▶ [EXERCISE REQUIREMENTS] Transcribe the entries below with complete accuracy, excluding the pictures.

[Items from a data source]

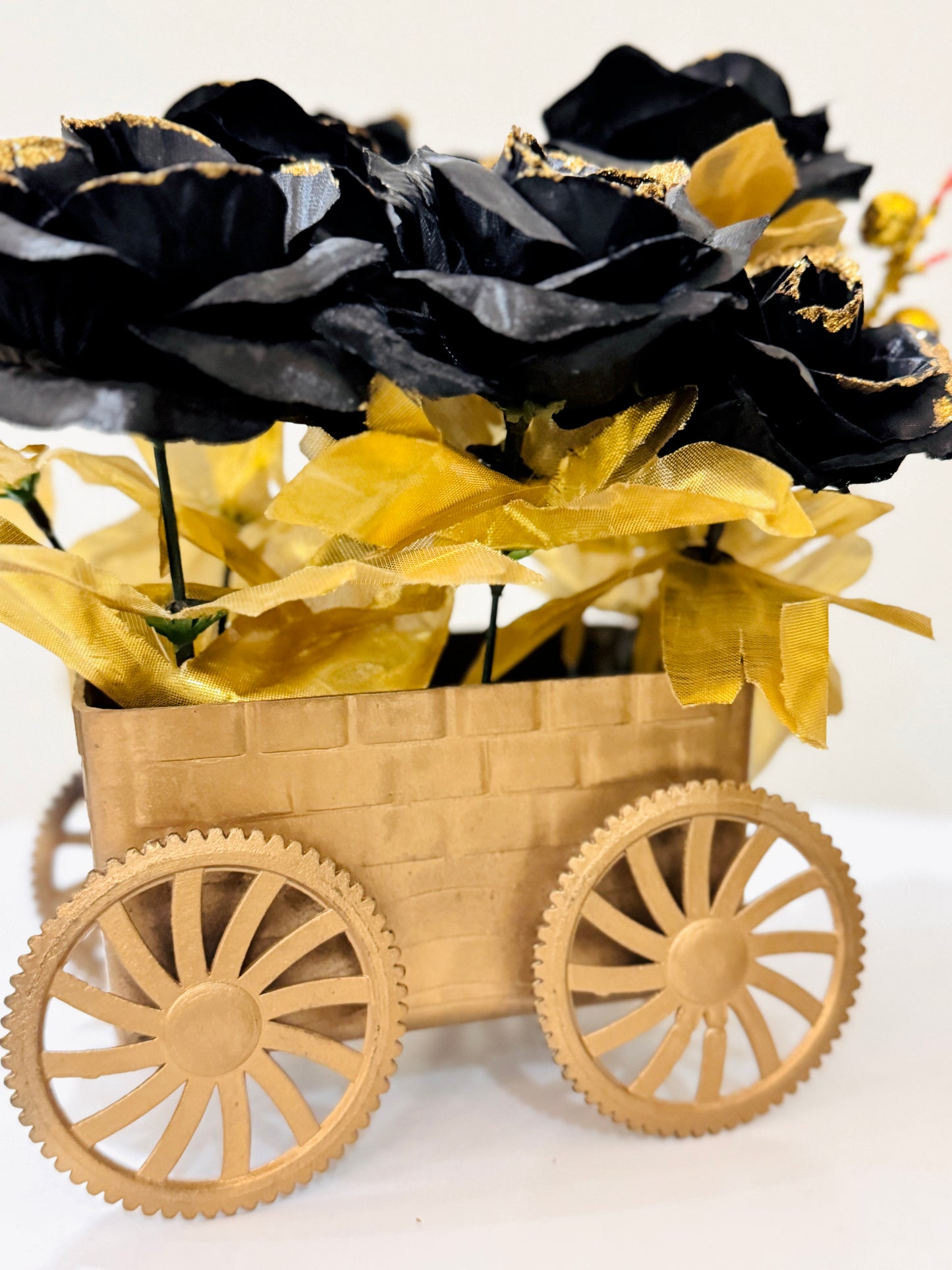 Flower Arrangement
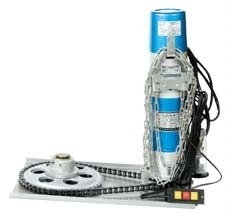 【廣東潮州電動卷閘門批發】價格、產品供應,廣東潮州電動卷閘門批發廠家批發-1024商務網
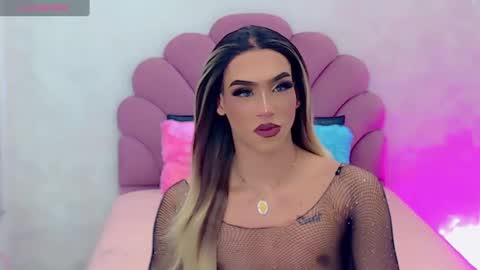 Snapshot of briana_sex32 chatting on 11, 2, 2025 BRIANA online show from 11, 2, 2025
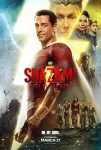 دانلود فیلم Shazam! Fury of the Gods 2023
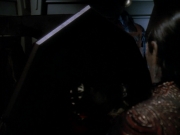 Filename=extant_StarTrek_DS9_3x21-TheDieIsCast_03626.jpg
Filesize=95KiB
Dimensions=1200x900
Date added=Sep 07, 2019 extant_StarTrek_DS9_3x21-TheDieIsCast_03626.jpg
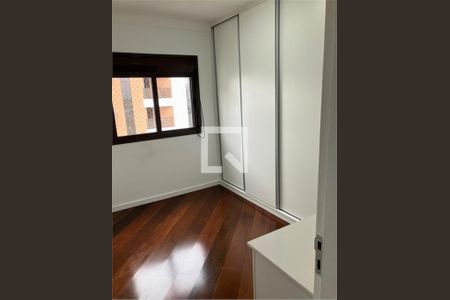 Apartamento à venda com 3 quartos, 136m² em Chácara Santo Antônio (Zona Sul), São Paulo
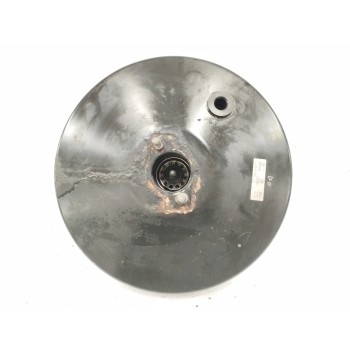 Recambio de servofreno para skoda octavia berlina (1u2) 1.8 20v turbo referencia OEM IAM 1J1614105J  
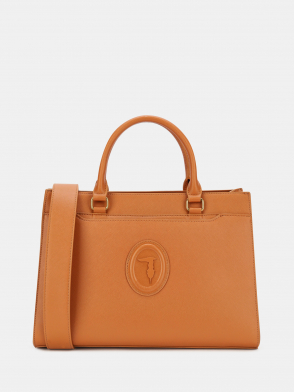 Сумка Trussardi Сумка Trussardi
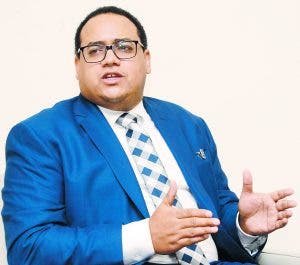 07 09 2020 ELDIA LUNES 070920 Nacionales9 2 300x265 1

▶ [RESULT OF THE TASK]
 Flower Arrangement
 【廣東潮州電動卷閘門批發】價格、產品供應,廣東潮州電動卷閘門批發廠家批發-1024商務網
 Snapshot of briana_sex32 chatting on 11, 2, 2025 BRIANA online show from 11, 2, 2025
 دانلود فیلم Shazam! Fury of the Gods 2023
 Filename=extant_StarTrek_DS9_3x21-TheDieIsCast_03626.jpg
Filesize=95KiB
Dimensions=1200x900
Date added=Sep 07, 2019 extant_StarTrek_DS9_3x21-TheDieIsCast_03626.jpg
 Apartamento à venda com 3 quartos, 136m² em Chácara Santo Antônio (Zona Sul), São Paulo
 Recambio de servofreno para skoda octavia berlina (1u2) 1.8 20v turbo referencia OEM IAM 1J1614105J  
 Сумка Trussardi Сумка Trussardi
 07 09 2020 ELDIA LUNES 070920 Nacionales9 2 300x265 1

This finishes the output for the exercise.